▶ _GOAL OF THE EXERCISE_
Each line in the material below, starting at the one with "Homeopathy e-Journals Package" and ending at the one with "Free People Righteous Runsie Photo 2", is to be reproduced exactly; no picture is to be copied.

BEGIN RECORDS FOR THIS TASK

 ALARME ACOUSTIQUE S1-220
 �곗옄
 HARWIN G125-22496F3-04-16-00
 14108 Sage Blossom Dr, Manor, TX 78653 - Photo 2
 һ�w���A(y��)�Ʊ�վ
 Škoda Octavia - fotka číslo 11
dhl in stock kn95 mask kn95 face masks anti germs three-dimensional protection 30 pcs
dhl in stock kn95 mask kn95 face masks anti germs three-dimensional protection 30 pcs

END RECORDS FOR THIS TASK
BEGIN RECORDS FOR THIS TASK

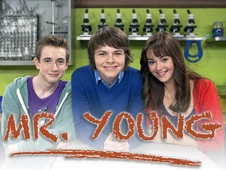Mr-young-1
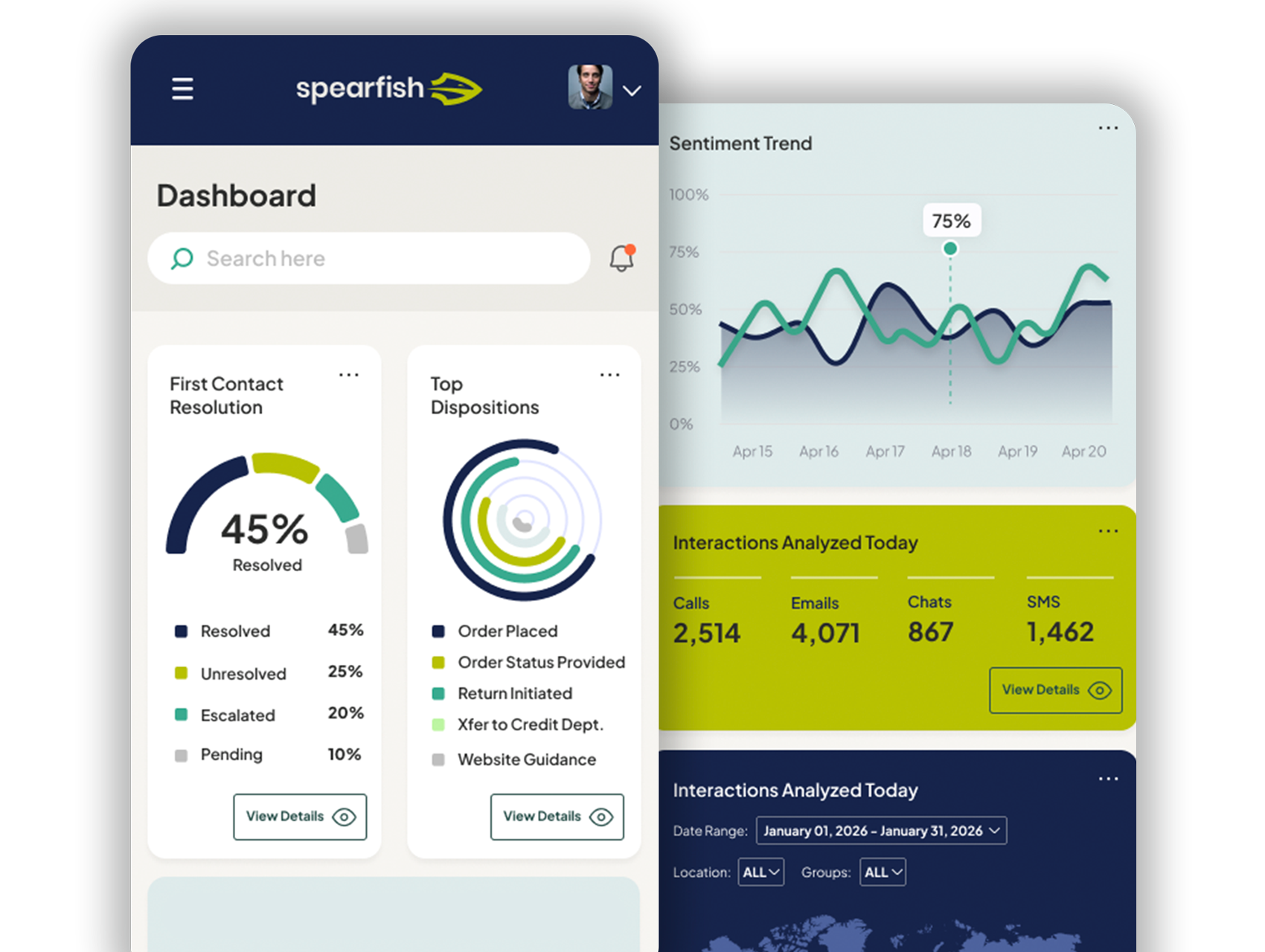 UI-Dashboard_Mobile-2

END RECORDS FOR THIS TASK
BEGIN RECORDS FOR THIS TASK

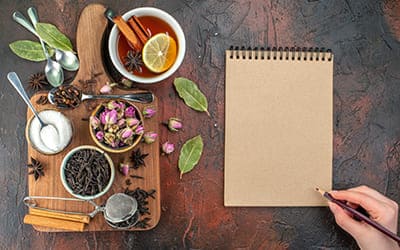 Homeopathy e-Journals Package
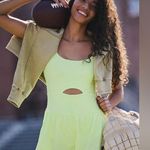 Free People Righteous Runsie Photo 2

END RECORDS FOR THIS TASK

▶ _SOLUTION_
 Homeopathy e-Journals Package
 Free People Righteous Runsie Photo 2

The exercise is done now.